“The Boogeyman,” extrapolated from a minor 1970s short story by Stephen King, might conceivably make sense to viewers with no access to proper lighting or functioning windows. For the rest of us, though, this near-indecipherable movie — as murky in plot and payoff as in setting — demands such a total suspension of rationality that its few scary moments struggle to land.
Painted in the broadest of strokes, the story introduces the psychiatrist Will Harper (Chris Messina), his teenage daughter, Sadie (a memorable Sophie Thatcher), and her younger sister, Sawyer (Vivien Lyra Blair). The recent death of their mother is causing Sadie to struggle at school and Sawyer to suffer night terrors. Will, unable to process his loss, has simply withdrawn — until a haggard stranger (David Dastmalchian) walks into his office and claims a supernatural entity slaughtered his three children. And, oh yes, he might have brought it with him.

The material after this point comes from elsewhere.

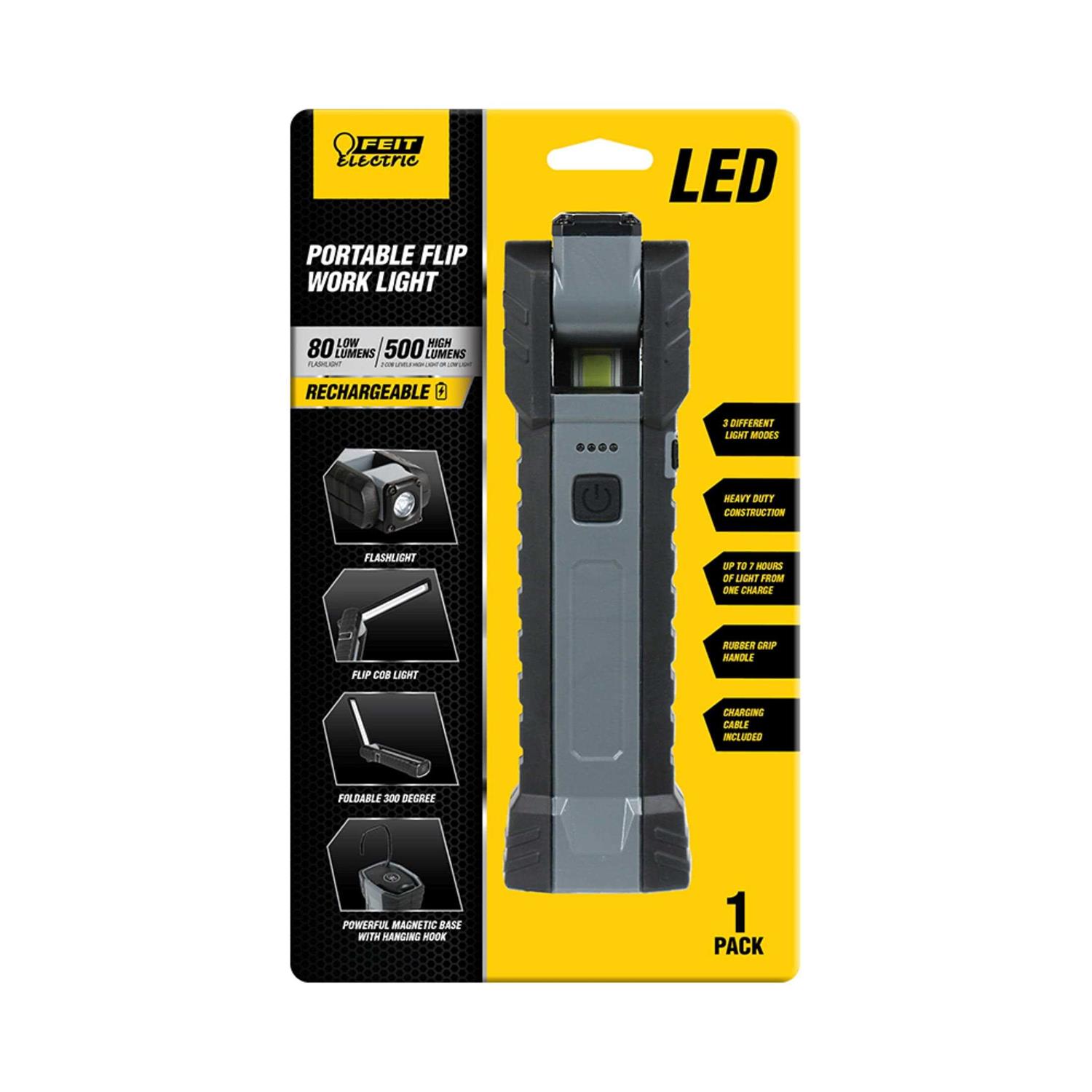 Feit Electric 48 in. 4-Panel each 5 W LED Work Light 3010270 - Zenithce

Unexpressed grief is fertile ground for all manner of ghouls and goblins, but “The Boogeyman,” despite a promisingly skin-crawling opening, barely rakes the topsoil. Horrible events accumulate, inchoate images whoosh past, black webbing sprouts on walls and ceilings. But the director, Rob Savage, is so stingy with detail — What does the beastie want? Where did it come from? Is there more than one? — that Russell Topal’s eerie sound design does most of the heavy lifting. Idiocies abound: Characters scream blue murder, apparently unheard by family members in the same house; a creature that feeds on darkness is battled by burning dozens of miniature candles instead of, say, shining a flashlight.
Accordingly, squint and strain as we might, the monster never satisfyingly takes shape, either visually or narratively. This isn’t a home that’s been invaded by a boogeyman; it’s a home that’s been expressly designed for one.
The Boogeyman
Rated PG-13 for a hanging corpse, a malevolent molar and an evil whatsit. Running time: 1 hour 38 minutes. In theaters.